**TASK PROMPT**
Extract precisely the lines that run from the line containing "Screenshot of a" to the end of the records below, with both ends included and pictures omitted.

**DATA SECTION**
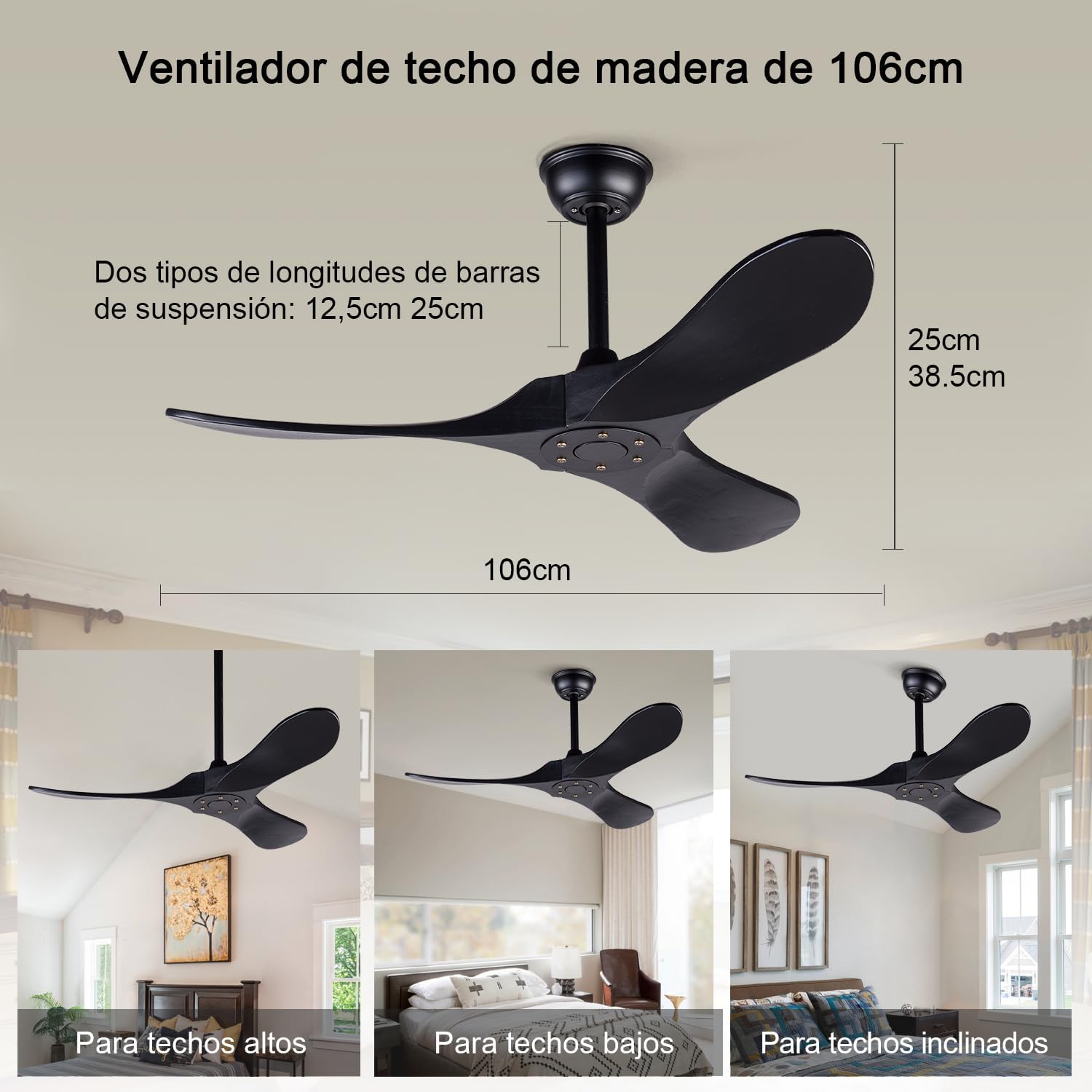 42 Inch Ceiling Fans without Lights, Black Ceiling Fans no Lights with Remote Control, 3 Solid Wood Blades Indoor Outdoor Ceiling Fan for Patios Bedroom Kitchen
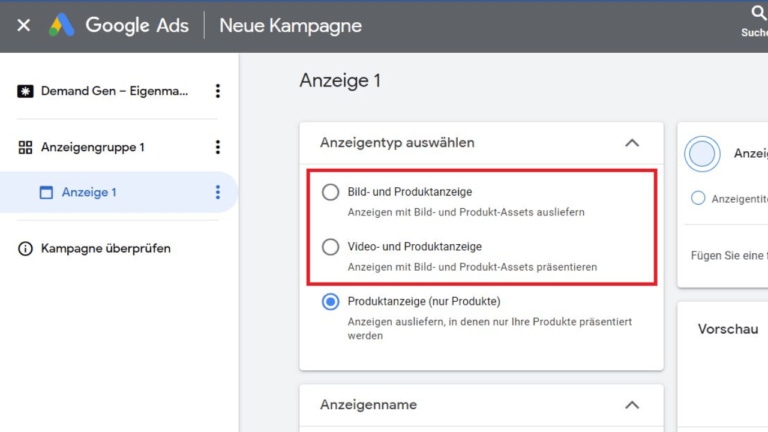 Screenshot of a Google Ads interface in German showcasing various creative types. Options include "Bild- und Produktanzeige," "Video- und Produktanzeige," and "Produktanzeige (nur Produkte)." The highlighted "Anzeige 1" suggests optimizing demand gen strategies using effective product feeds.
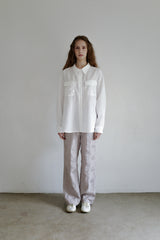 Seersucker check shirt, White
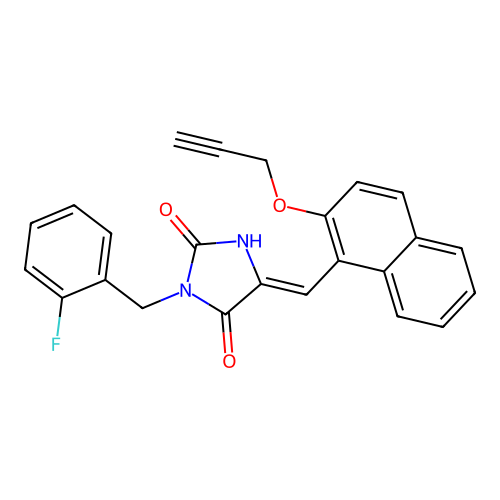 (Z)-3-(2-fluorobenzyl)-5-((2-(prop-2-yn-1-yloxy)naphthalen-1-yl)methylene)imidazolidine-2,4-dione structure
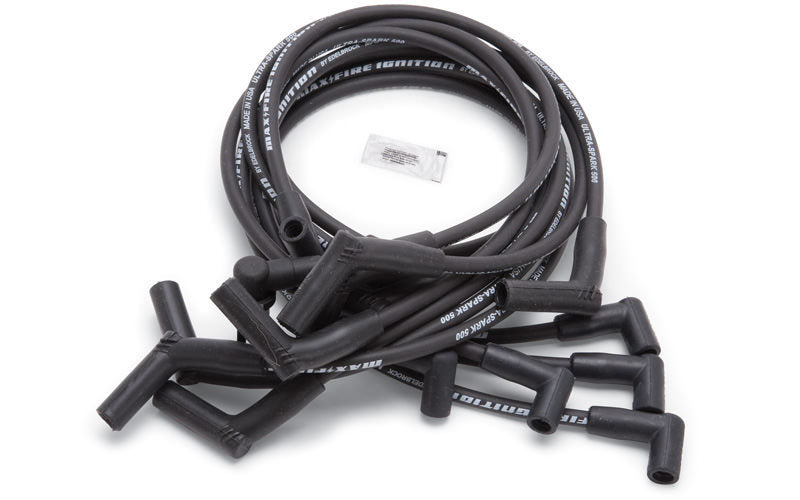 Edelbrock Max-Fire Spark Plug Wire Set for Small Block Ford 1983-1996, 8.5 mm Spiral Core with Black Insulation and 45 Degree Plug Boots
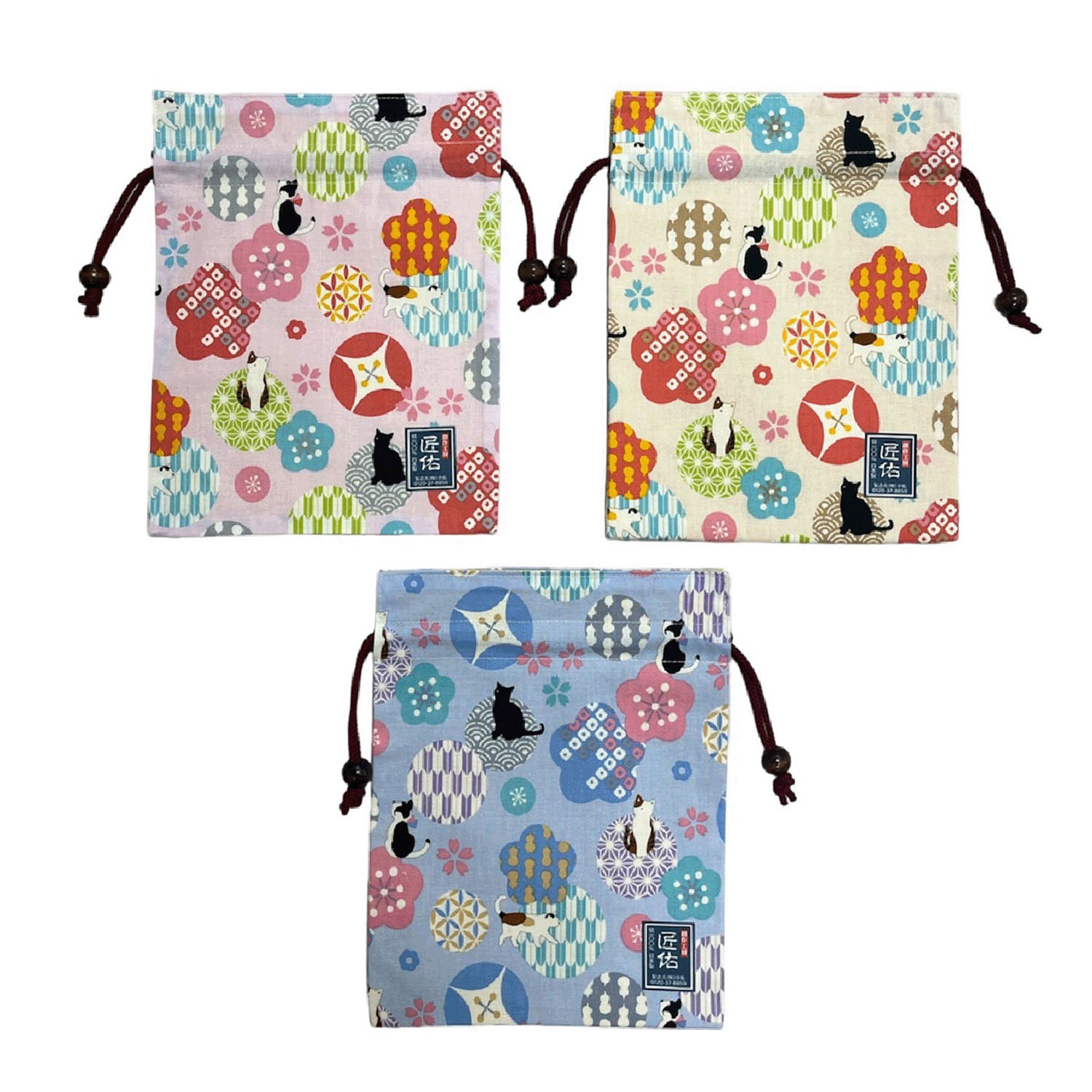 【在庫限りで製造終了】平巾着 ねこ花 - 画像1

**SOLUTION FOR THIS EXERCISE**
 Screenshot of a Google Ads interface in German showcasing various creative types. Options include "Bild- und Produktanzeige," "Video- und Produktanzeige," and "Produktanzeige (nur Produkte)." The highlighted "Anzeige 1" suggests optimizing demand gen strategies using effective product feeds.
 Seersucker check shirt, White
 (Z)-3-(2-fluorobenzyl)-5-((2-(prop-2-yn-1-yloxy)naphthalen-1-yl)methylene)imidazolidine-2,4-dione structure
 Edelbrock Max-Fire Spark Plug Wire Set for Small Block Ford 1983-1996, 8.5 mm Spiral Core with Black Insulation and 45 Degree Plug Boots
 【在庫限りで製造終了】平巾着 ねこ花 - 画像1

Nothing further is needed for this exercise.